Il fait une courbette.
— Je sais… Croyez que nous vous savons gré de vos efforts. Nous espérons que ceux-ci seront couronnés de succès…
Je le regarde, puis, n’y tenant plus, je lâche le paquet.
— Ecoutez, cher monsieur, je vois que vous parlez merveilleusement le français, je n’en serai que plus à mon aise pour vous exprimer ma façon de penser. Auparavant, je tiens à vous dire une chose : je suis un flic, et un flic consciencieux.

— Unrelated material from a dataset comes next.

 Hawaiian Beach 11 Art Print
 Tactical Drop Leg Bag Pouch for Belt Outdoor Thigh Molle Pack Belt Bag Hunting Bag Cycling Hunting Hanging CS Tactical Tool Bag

Mon boulot, c’est d’obéir à mes chefs et de ne pas m’inquiéter du reste. J’ai pour mission de retrouver un homme, mort ou vif, et je ferai l’impossible pour qu’il soit retrouvé. Seulement, quelque chose m’a surpris au départ de cette affaire ; quelque chose sur quoi mon attention ne s’est pas trop fixée mais qui, au fur et à mesure que mon enquête avance, me surprend de plus en plus…

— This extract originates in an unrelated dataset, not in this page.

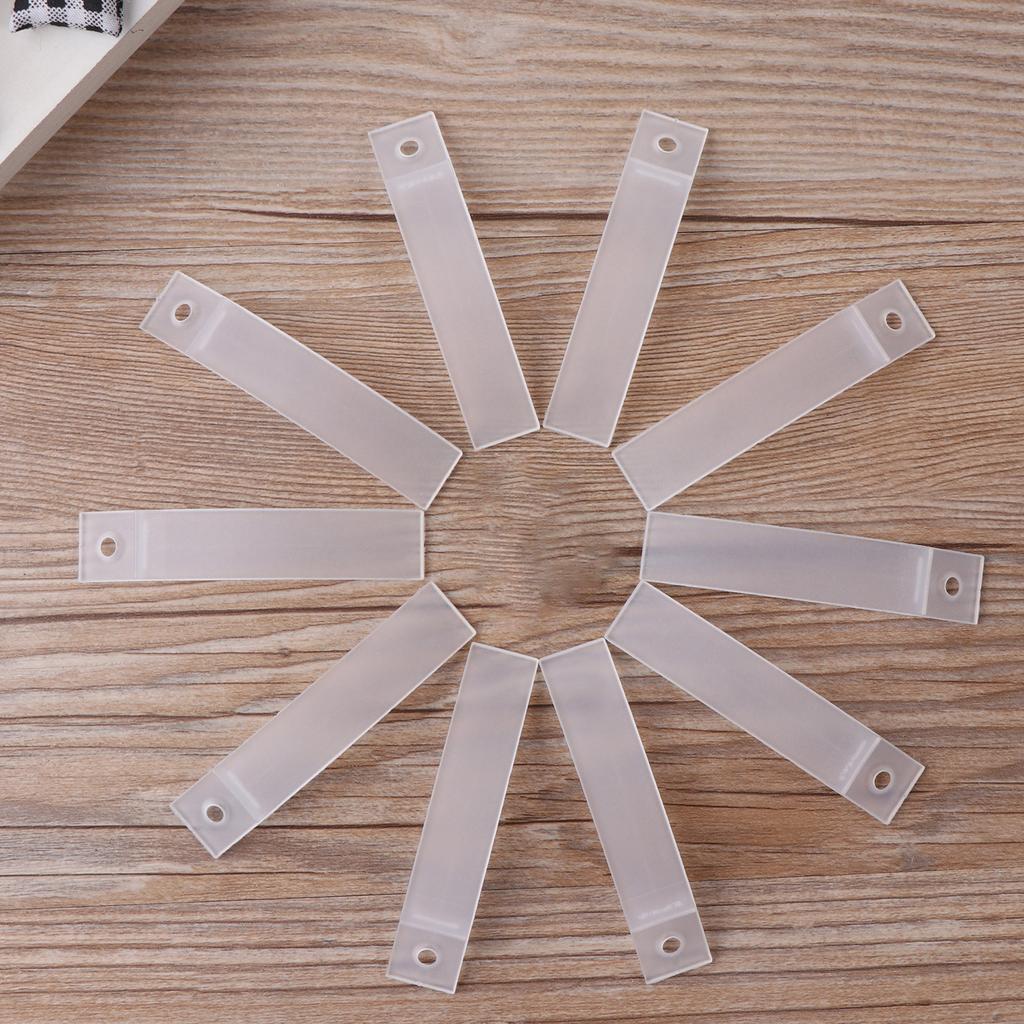 10Pcs Plastic Drawer Stops Drawer Bottom Repair Fixing Tool Home Anti-slip Drawer Stoppers Furniture Drawers Accessories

Il a tiré un binocle cerclé de fer de la poche de son gilet, il souffle dessus et l’essuie avec son mouchoir…
— Vraiment ? murmure-t-il de son ton éternellement bienveillant.
— Vraiment, monsieur… heu…
— Brazine, murmure-t-il doucement.
— Ce qui me surprend c’est : primo, que vous mêliez les Services secrets français à vos histoires de famille — ceci ne vous ressemble pas. Deuxio, que vous nous demandiez de rechercher un homme sans nous fournir de photographie de cet homme.